Figure 4: Average forgetting curves with x-axis having tasks encountered and y-axis showing average classification accuracy averaged over all tasks encountered so far.

We also point out that though PPR involves experience replay, it does not compare against the performance of DGDMN. Although, it does preserve its learnt mapping around the points randomly sampled from its input domain, these random samples are not close to real images and hence it fails to preserve performance on real images. These observations substantiate our claim that any good experience replay mechanism must model the input domain accurately and hence needs to be generative in nature.

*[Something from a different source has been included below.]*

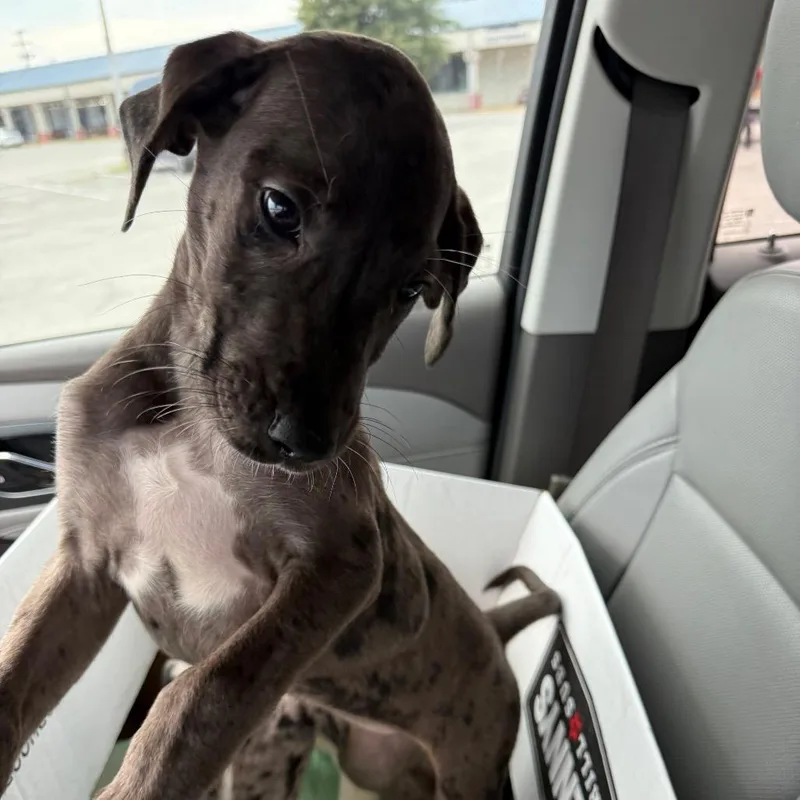 A baby extra large-sized female Gray / Blue / Silver Great Dane dog named Daisy for adoption in Memphis, TN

We believe that datasets like Digits, which contain tasks with highly correlated input (and/or output) samples are very important benchmarks for continual learning algorithms for two main reasons: (i) Such high correlation amongst task samples promotes quick overfitting to the new incoming task and therefore causes heavy catastrophic forgetting. Being able to retain performance on such tasks is a strong indicator of the efficacy of a continual learning algorithm. (ii) Humans also learn tasks by seeing many correlated samples together in a short duration of time. For instance, kids are taught to read and write a single alphabet per day in kindergarten by first showing them many examples of that alphabet and then asking them to write the same, many times on that day.

Long sequences of tasks

To analyze the effect of generative replay and the dual memory architecture separately, we trained both DGR and DGDMN on a long sequence of 40 tasks from the TDigits dataset. We limited $N_{max}$ to half the maximum samples in TDigits for this task, to explore the case where the LTM in DGDMN (DGM in DGR) cannot regenerate as many samples as in the full dataset, and has to forget some tasks. At least $\kappa=0.05$ fraction of memory was ensured to each new task while consolidating and consolidation for DGDMN happened after every $n_{STM}=5$ tasks.

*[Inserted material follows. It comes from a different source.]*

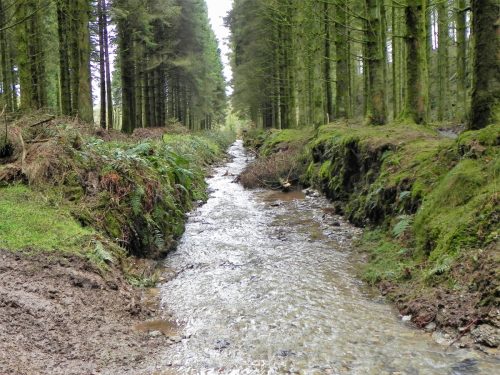 44.-Downstream-from-Beatland-Plantation-Ford-2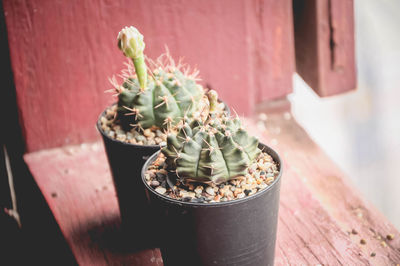 High angle view of potted plant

(a) Average forgetting curves on all tasks seen so far

(b) Average forgetting curves on the last seen 10 tasks

Figure 5: (a, b) Average forgetting curves with x-axis having tasks encountered and y-axis showing average classification accuracy, (c) Training time for DGDMN and DGR.

The average forgetting curves vs. tasks encountered are plotted in figure 5a. We immediately note that DGDMN and DGR start at an average accuracy around $1.0$, but start dropping after about $10$ tasks since the LTM (DGM for DGR) begins to saturate. While DGDMN drops slowly and ends up retaining about $40\%$ accuracy on all tasks in the end, DGR drops to below $20\%$ accuracy. This is because DGR consolidates its DGM too often with very few new samples and mostly samples from its own DGM. Since, any generator would have some error, a DGM's self-generated samples are always slightly different from the real-world samples and hence the error compounds quite fast for DGR. DGDMN, on the other hand, uses small STTMs to hold many tasks and transfers them simultaneously to the LTM. A consequence of this is that DGDMN consolidates its LTM less often and with more accurate real-looking samples, hence its error accumulates much slower. Note that the STTM representations are also erroneous (since they are also being generated), and the effect of this error has also been explored in the paper.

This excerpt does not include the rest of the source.